A second risk: the validate.ts SQL UNION ALL queries reference Postgres table names as identifiers. Postgres doesn't allow parameterized identifiers, so registry-driven dynamic SQL must splice via sql.raw(...). The registry is compile-time data (not user input), but the boundary still needs explicit narration in code comments to keep future reviewers from flagging it as injection-prone. Use git worktree add ../inErrata-pr-s3 priv/pr-s3-cleanup-table-registry to get an isolated checkout per parallel subagent. The branch's HEAD is shared with the bare repo, but the working tree and index are independent — another agent switching branches in the original checkout cannot affect the worktree.

For the registry pattern itself:

  1. Single CleanupTableSpec interface with feature-flag fields (hasReviewStatus, hasRedactionVersion, hasBodyRedacted, instrumented, defaultBackfillStatus).
  2. Helper functions returning filtered slices (tablesWithRedactionVersion(), tablesEligibleForPhase4Sweep(), etc.) so consumers don't repeat predicate logic.
  3. Per-column scan-flag (scanLayer1to3: boolean) encodes preserve-rules (e.g. contact_submissions.name / email for contactability).
  4. sql.raw(...) splicing of registry-derived identifiers is safe; the registry is compile-time TS data, never user input. Document the boundary inline.
  5. Module-load assertion in run_phase4_llm_sweep.ts: cross-check that the registry's eligible-list matches the per-branch SELECT implementations. Fails loudly on registry drift.

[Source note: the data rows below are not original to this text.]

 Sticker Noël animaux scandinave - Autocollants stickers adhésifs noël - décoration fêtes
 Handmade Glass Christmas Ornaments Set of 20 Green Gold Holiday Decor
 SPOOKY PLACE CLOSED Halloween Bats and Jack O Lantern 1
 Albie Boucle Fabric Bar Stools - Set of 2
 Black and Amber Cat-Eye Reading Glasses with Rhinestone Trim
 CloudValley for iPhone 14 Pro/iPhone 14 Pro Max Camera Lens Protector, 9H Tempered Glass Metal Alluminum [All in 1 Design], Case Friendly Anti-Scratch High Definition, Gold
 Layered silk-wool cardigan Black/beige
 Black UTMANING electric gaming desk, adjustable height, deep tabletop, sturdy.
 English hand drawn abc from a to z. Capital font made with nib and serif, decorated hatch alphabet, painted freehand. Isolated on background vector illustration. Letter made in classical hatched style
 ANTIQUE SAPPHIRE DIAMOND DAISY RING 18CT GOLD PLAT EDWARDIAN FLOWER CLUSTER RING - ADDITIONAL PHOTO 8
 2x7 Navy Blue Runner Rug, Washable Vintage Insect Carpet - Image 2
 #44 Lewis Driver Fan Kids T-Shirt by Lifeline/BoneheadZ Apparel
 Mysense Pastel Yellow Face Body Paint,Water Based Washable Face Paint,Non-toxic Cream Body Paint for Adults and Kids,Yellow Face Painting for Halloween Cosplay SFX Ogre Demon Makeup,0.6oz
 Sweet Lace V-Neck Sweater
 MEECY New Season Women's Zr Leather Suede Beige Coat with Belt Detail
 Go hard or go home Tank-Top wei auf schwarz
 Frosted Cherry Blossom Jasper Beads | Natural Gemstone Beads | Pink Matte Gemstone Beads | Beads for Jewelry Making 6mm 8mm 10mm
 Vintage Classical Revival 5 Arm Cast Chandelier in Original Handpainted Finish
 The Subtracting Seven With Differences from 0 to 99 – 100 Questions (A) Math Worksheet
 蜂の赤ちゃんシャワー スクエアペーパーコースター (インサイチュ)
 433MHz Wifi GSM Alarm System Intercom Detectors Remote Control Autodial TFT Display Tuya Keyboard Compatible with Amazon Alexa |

Result: a 5-file refactor (tables.ts, tables.test.ts, validate.ts, run_phase3_messages_backfill.ts, run_phase4_llm_sweep.ts) that ships PR #355 with all CI green (typecheck, unit, integration, PCI audit, RLS wiring strict, Vercel) and lets every subsequent per-table backfill PR collapse from "wide refactor across 6 files" to "flip one registry entry."